Probably Algorithmically True
17 Nov 2003 19:28
The following is merely an amusement; it contains (at least) one fatal error, one conclusion which is valid but phrased so as to mislead the unwary, and one unwarranted technical assumption (which may actually be OK but I haven't checked). It may help if you've read the notebook on Gödel's Theorem, and/or some actual math on that subject; likewise for computational and statistical learning theory. [With thanks to Ben Wieland for correcting an embarrassing mix-up between truths and theorems in my initial statement of the theorem. Sheesh.]
Let us suppose we have a formal language L and a set of axioms A in L. There are some sentences of L which will be true under any interpretation in which A is true; these are the theorems following from A, and we'll call them, collectively, T. Let us suppose further that T is sufficiently powerful that it can model ordinary (Peano) arithmetic, i.e., there is some interpretation of arithmetic in terms of L such that all the theorems of arithmetic are included in T. Then Gödel's Theorem tells us that the system must be inconsistent, or incomplete, or both. If it is inconsistent, then there are sentences s of L such that both s and its negation, ~s, are in T. If it is incomplete, then there are sentences s such that neither s nor ~s is in T. In any given interpretation of L, any such s is either true or false, but s is true in some interpretations in which the axioms are true, and false in others. In other words, the truth of these sentences depends on the particular interpretation, and not (just) on the truth of the axioms. * Since inconsistent formal systems are uninteresting, let's ignore them.
The real substance of incompleteness can be restated in several ways.

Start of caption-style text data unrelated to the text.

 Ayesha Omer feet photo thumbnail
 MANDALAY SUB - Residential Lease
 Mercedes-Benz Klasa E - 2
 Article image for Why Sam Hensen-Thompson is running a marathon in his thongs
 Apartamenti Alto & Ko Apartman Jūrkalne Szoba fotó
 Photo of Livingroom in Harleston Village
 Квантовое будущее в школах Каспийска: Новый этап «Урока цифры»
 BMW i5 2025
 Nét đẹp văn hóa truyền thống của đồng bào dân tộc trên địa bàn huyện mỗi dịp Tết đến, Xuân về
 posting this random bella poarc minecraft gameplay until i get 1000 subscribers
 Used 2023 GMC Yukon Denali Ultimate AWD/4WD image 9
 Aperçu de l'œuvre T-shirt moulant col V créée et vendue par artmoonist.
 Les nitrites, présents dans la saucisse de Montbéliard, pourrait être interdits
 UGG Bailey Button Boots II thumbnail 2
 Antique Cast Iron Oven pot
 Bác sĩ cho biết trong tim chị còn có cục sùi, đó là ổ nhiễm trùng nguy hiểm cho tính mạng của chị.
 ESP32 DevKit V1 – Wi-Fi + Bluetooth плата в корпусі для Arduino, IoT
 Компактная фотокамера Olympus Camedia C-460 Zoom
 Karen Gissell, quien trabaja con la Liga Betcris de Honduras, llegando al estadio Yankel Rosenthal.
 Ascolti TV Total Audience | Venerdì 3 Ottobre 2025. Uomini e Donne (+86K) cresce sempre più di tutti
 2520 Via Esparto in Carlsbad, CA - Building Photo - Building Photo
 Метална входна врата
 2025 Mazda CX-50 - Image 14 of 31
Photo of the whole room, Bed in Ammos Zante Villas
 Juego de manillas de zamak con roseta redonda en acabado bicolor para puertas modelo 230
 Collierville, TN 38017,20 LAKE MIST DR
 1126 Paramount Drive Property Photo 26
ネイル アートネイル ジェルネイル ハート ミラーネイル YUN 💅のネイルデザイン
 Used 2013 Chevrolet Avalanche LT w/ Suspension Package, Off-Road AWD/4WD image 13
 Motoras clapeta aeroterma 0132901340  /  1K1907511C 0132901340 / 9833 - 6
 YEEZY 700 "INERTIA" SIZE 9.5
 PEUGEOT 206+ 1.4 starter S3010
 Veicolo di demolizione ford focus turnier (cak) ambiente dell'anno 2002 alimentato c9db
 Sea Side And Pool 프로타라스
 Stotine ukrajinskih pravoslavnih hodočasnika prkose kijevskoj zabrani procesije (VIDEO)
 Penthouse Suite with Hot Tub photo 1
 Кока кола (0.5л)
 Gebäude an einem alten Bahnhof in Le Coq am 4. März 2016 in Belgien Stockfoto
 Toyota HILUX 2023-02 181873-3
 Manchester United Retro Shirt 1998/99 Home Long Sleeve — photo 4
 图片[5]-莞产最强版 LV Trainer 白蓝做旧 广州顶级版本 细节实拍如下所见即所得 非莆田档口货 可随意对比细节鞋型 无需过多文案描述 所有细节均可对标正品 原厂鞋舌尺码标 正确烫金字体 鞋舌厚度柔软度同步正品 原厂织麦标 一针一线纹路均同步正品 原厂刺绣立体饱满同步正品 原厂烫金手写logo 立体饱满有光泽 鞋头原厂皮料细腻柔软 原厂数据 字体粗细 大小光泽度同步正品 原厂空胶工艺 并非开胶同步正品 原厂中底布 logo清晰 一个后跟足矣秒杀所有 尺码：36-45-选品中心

One is that there is no algorithmic, computable decision procedure for T --- no algorithm which, given a sentence s in L, can determine whether or not s belongs in T, and so is necessarily true if the axioms hold. Another is that there is no algorithmic, computable procedure to generate all the theorems of T, and no other sentences. (To see that these two are equivalent, note that "Can we generate the sentence s?" is a decision procedure, and feeding all possible sentences, in order, through a decision procedure is a generating procedure.) Let's see if we can't nibble away at the decision procedure angle.
Any sentence of L can be assigned some natural number, called its Gödel number, from which we can recover the sentence. Now there are just as many rational numbers between 0 and 1 as there are natural numbers, so to each Gödel number there corresponds a certain fraction in the unit interval. A decision procedure, then, is a function D from the rational fractions to 0 (non-theorem) or 1 (theorem). As a mathematical object, D definitely exists alright; there's no question about that. The content of Gödel's Theorem is that D is not computable, which is to say that the shortest program to compute it is infinitely long --- the Kolmogorov complexity of D is infinite.
So, we can't actually compute D. But can we learn it? More precisely, can we reliably learn computable approximations to D?
The obvious answer is "yes, D is just another classification function". Take our favorite class of (say) neural networks, which output 0 or 1 for each (real-valued) point on the unit interval. Now generate random sentences of L, according to some distribution. (You might generate unbounded random integers, discarding the ones which are not Gödel numbers, and then convert the Gödel numbers to rational fractions. Or you might do something more clever, involving the grammar of L; doesn't matter.) For each network, there is some probability that, given a random sentence you generate, it will mis-classify the sentence (outputting 0 when it should've said 1, or vice versa). Call this probability the network's generalization error. Take the infimum over generalization errors of all the networks in our class, and call the result m. This is the best attainable error rate in the class.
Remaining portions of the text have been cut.